Toer’s realistic writings often made him the target of strict regimes, and he was imprisoned by the Dutch government for two years, as well as the authoritarian Suharto regime from 1965 – 1979. Toer wrote exclusively in the native Malay language. He started composing This Earth of Mankind while in jail in 1973; he was not given permission to write the story until 1975. The novel was published in Indonesia in 1980; the first translation of This Earth of Mankind intended for an American audience appeared in 1992.

The book’s themes include the irrevocable harm of colonialism, love across ethnic and class lines, and the essential role of education.

The coming-of-age novel is narrated in the first person by a young Javanese man named Minke. It opens with his reflections on love, and he admits that Minke is not his real name, but he has no urge to share his real name with strangers.The main story takes place 13 years before the novel’s present moment, and Minke relates the story with help from notes he took as a boy, as well as his current dreams and knowledge.

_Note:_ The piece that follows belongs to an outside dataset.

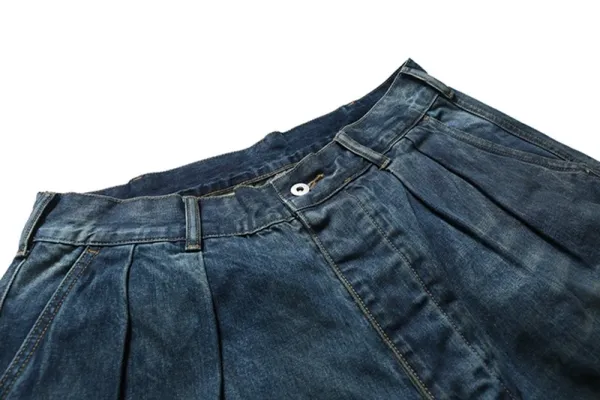 Design Madness Pleated Denim Shorts Blue Shorts - 10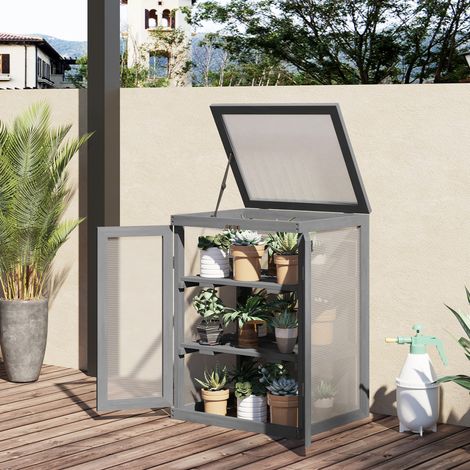 Mini serra da giardino a 3 livelli in legno e policarbonato, 2 porte, grigio scuro DESVIAE (1/5)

Minke reflects on his life as a schoolboy. He recalls that all of his schoolteachers were thrilled at the “modern” advancements that were arriving in “the Indes” in the late 1920s. Minke is excited too, but in the present he wonders whether the advent of modern technology was implemented carelessly; it is possible that the telegram and automobile, devices that eliminate distances between people and countries, can be harmful to Indonesians.

Minke is from a somewhat wealthy family; they live in the capital, Java. He hopes to be a writer one day, and he’s proud of his juvenile works that have already been published in Dutch-language journals. Because of his family’s prominence, Minke goes to school with other wealthy kids who tend to have some European ancestry, unlike most of the local population. The school is called Hogere Burger School (HBS) and the students receive an excellent education.

As Minke grows to be a teenager, he starts questioning the severe inequality he witnesses everyday. There is an intense snobbery within his high school, as well as a prevailing preference for Dutch culture outside school; the supremacy of all things Dutch helps to keep the native population oppressed. He himself is looked down on for being a native. His mother encourages him to embrace his Javanese identity, but his father dislikes him—mostly he is jealous of his son’s intellect.

Minke’s feelings are complicated and he is eventually prompted into action after he meets Nyai Ontosoroh, the concubine of a prominent Dutch man named Herman Mellema. Like Minke, Ontosoroh does not feel comfortable in either Dutch society or with Indonesians; both condescend to her for being a concubine.

Ontosoroh has two children: the embittered Robert Mellemaand the rather childish Annalies Mellema. Minke ends up falling in love with Annalies, and Robert quickly develops a hatred for Minke. Robert hates all things native; he aspires to be Dutch, but his darker skin color and lack of education (he dropped out of school, believing it was worthless) make it impossible for him to pass.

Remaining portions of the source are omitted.